Nice post, with a good video link, that revisits the human 'language instinct', and asks us to consider whether and how language develops when linguistic exposure is absent. The case of deaf children in Nicaragua developing their own linguistic system from limited language input provides good context to consider that "although children require a certain amount of linguistic input at a young age in order to learn language, they're capable of generalizing from incomplete information to something far richer and more complex".
Melissa Pandika at ozy.com writes a compelling article profiling Helen Tager-Flusberg and the influence she's had exploring the linguistic dimensions of autism, particularly in children.

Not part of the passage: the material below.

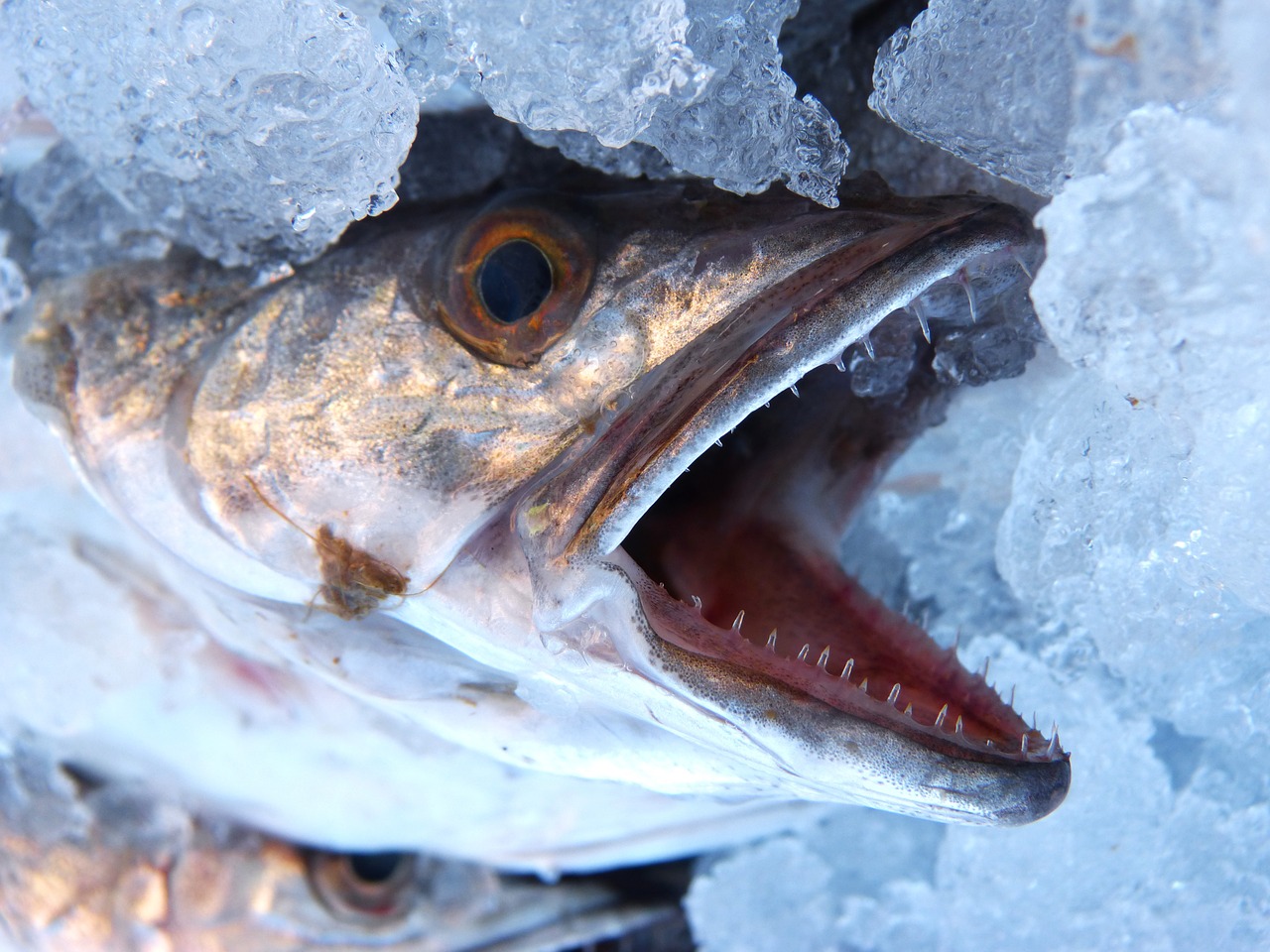 hake fish mouth free photo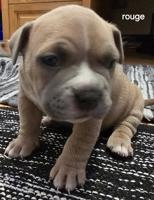 Pocket bully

While the article spends time lauding the achievements of Tager-Flusberg as an unconventional autism researcher and, arguably, a feminist crusader in the male-dominated world of psychological research, the focus is squarely on the contributions of Tager-Flusberg in exploring the nature of language, its social functions, and its development as it relates to autism spectrum disorders.
NBC News Latino has a nice portrait on Duncan Tonatiuh, a dual citizen of Mexico and the US, who is a children's book author and illustrator committed to writing books that have a social and political message. He is influenced artistically by Mixtec art and orthography (Mixtec codex) and appears to have deep respect for children, which is refreshing. In the the interview, Tonatiuh remarks, "I think kids are extremely intelligent. But I think that sometimes we don't give them the credit they deserve....Hopefully my books help Latino children realize that their stories and their voices are important." The link includes some images from his books, which are indeed beautiful to look at.